> [Entries provided]
=-=-=
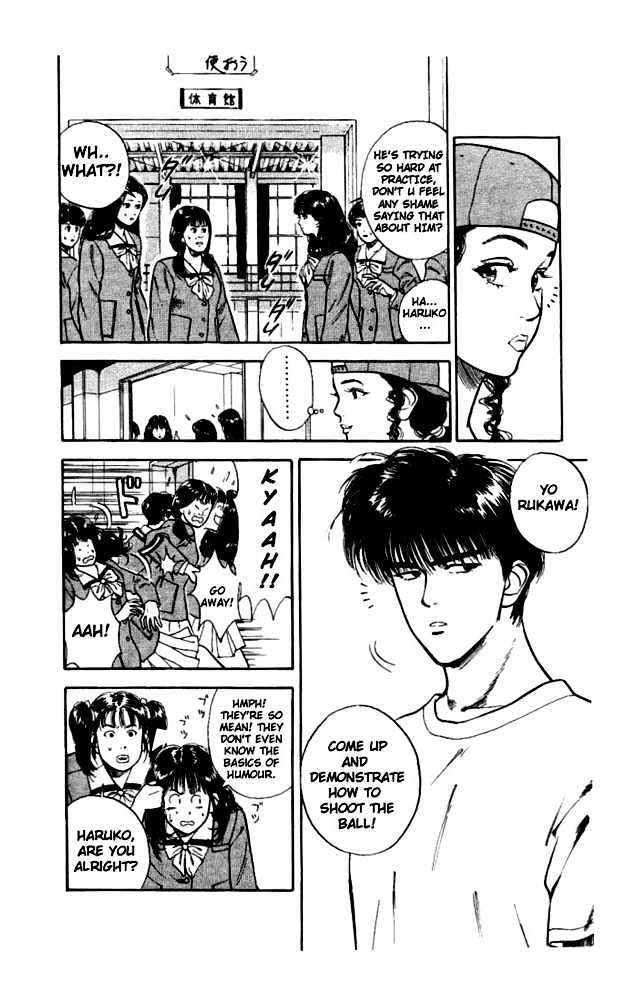 Slam Dunk, Chapter 19 image 19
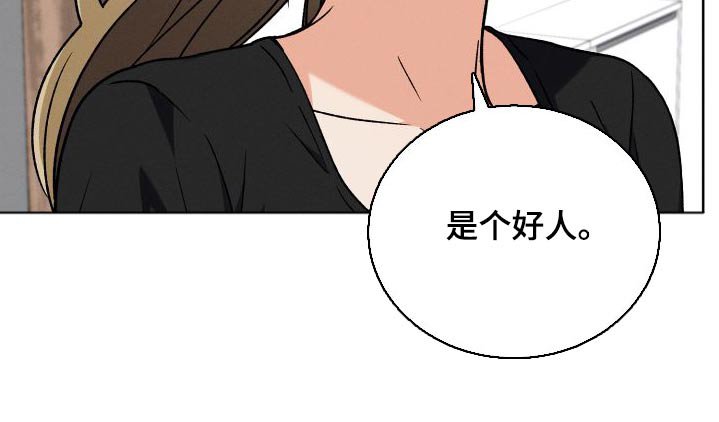 第99章：【第二季】评论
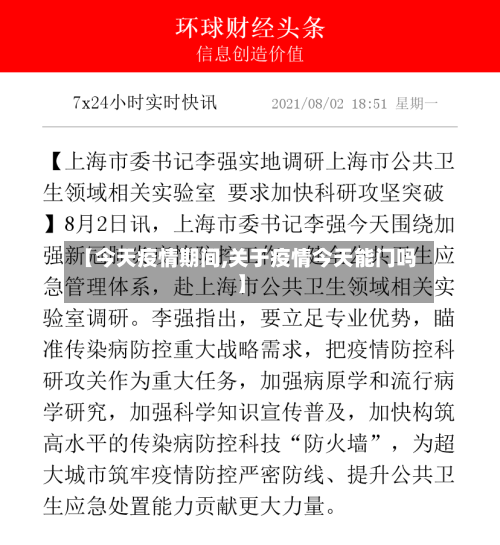 【今天疫情期间,关于疫情今天能门吗】-第3张图片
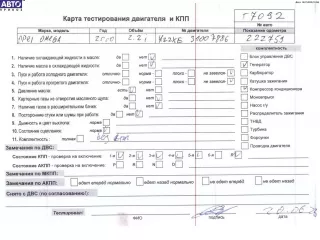 Y22XE Двигатель (ДВС) Opel Omega B Арт 54752504, вид 1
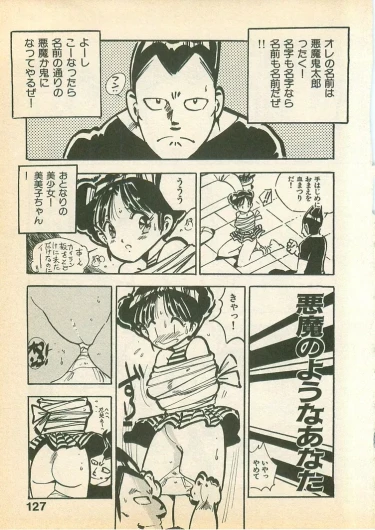 Page 127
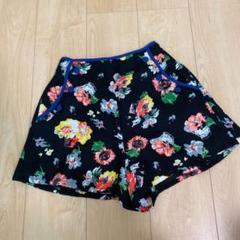 花柄 ショートパンツ キュロット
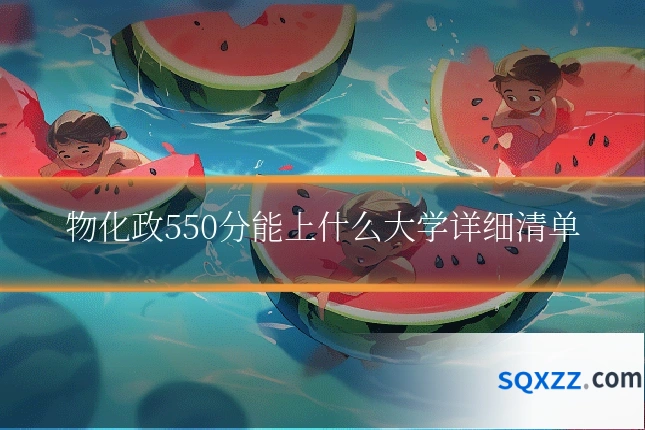 物化政550分能上什么大学详细清单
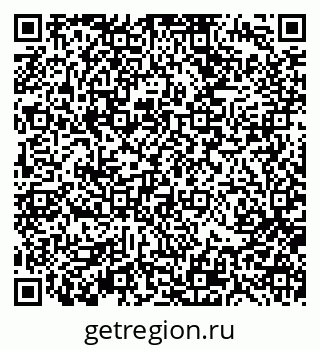 79370191888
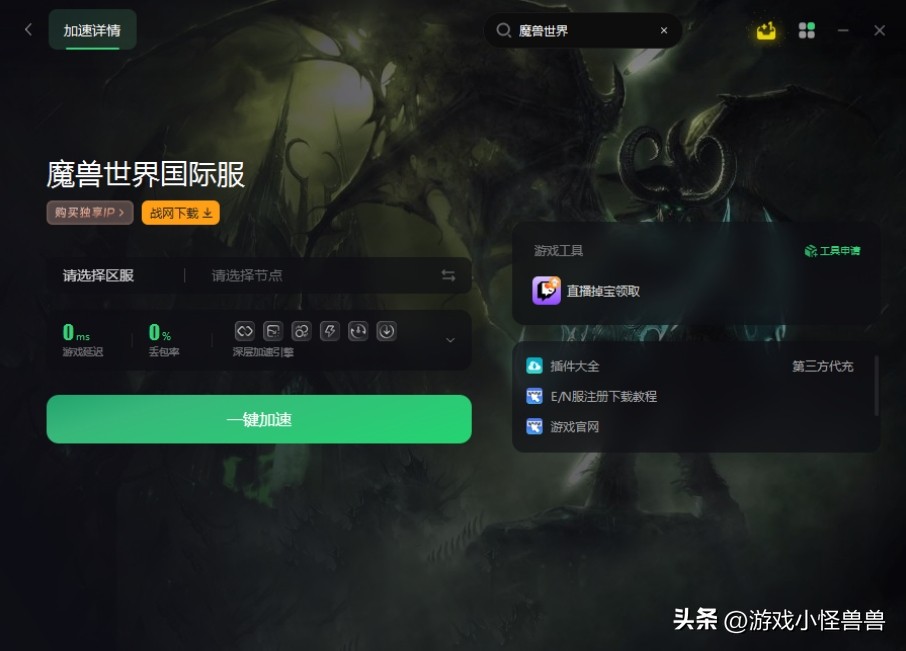 魔兽世界吃鸡模式,魔兽世界怎么加入吃鸡模式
=-=-=
> [Work to be completed]
Write out again, exactly, each line from the one with "物化政550分能上什么大学详细清单" to the end of the entries. No pictures go in.

> [Exercise solution]
 物化政550分能上什么大学详细清单
 79370191888
 魔兽世界吃鸡模式,魔兽世界怎么加入吃鸡模式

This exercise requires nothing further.